I'm struggling to figure out the syntax of function pointers and lambda functions and I need some help.
What I'm trying to do is make a class that has a parameter function pointer and be able to add, subtract, compose 2 functions. How can I achieve these?
Code:
typedef int (*mathFunc)(int);
class MathFunc {
mathFunc func = nullptr;
public:
MathFunc()=default;
MathFunc(mathFunc func) : func(func) {};
// Addition
MathFunc& operator+=(const MathFunc &f) {
// This doesn't work
this->func = [](int16_t){return this->func + *f.func};
return *this;
}
// Composition
MathFunc operator()(const MathFunc &f) {
// This doesn't work either
MathFunc result(this->func(*f.func));
return result;
}
};
MathFunc operator+(const MathFunc &f1, const MathFunc &f2) {
MathFunc result(f1);
result += f2;
return result;
}
To use a function pointer you need a function.

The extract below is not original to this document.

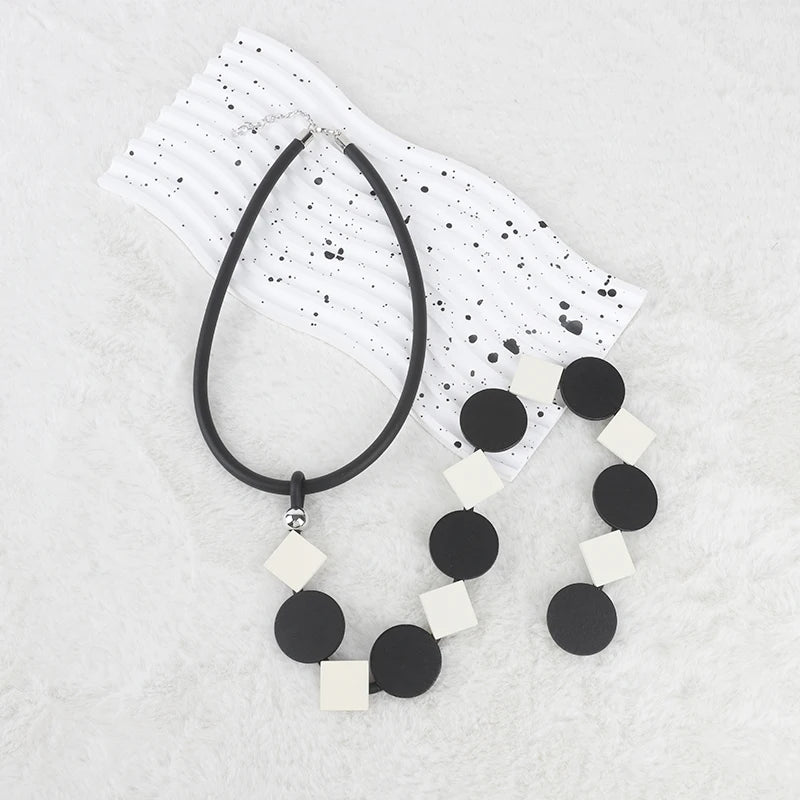 Long Round Rhombus Pendant1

You cannot create functions on the fly. Lambdas can decay to a function pointer when they have no captures, but you need the new function store their components. Hence a bare function pointer is the wrong tool.
Moreover, there is no clear notion of what it actually means to add two functions in your code nor in your question. I suppose you want f+g
(f and g functions) to be f(x) + g(x)
. In your code you never actually call the function. this->func + *f.func
looks like adding the value of two function pointers, which makes no sense.
You can use std::function<int(int)>
. I will only outline the approach by means of operator+=
and leave operator+
and composition for you, because it is very similar:
#include <functional>
#include <iostream>
struct my_func {
std::function<int(int)> f;
my_func& operator+=(const my_func& other) {
f = [g = other.f,h = f](int x) { return g(x) + h(x);};
return *this;
}
};
int main()
{
my_func a{ [](int x){ return x*2;}};
my_func b{ [](int x){ return x+2;}};
a += b;
std::cout << a.f(1);
}
Output is
5
because 1*2 + 1+2 is 5
In the code f = [](....
creates a function object that internally stores a copy of the old f
and a copy of other.f
as members so that they can be called later when that new function is called (a.f(1)
in main
). That's the reason you cannot use a bare function pointer. A function pointer can only point to a bare function, not to something with state (function local static variables aside).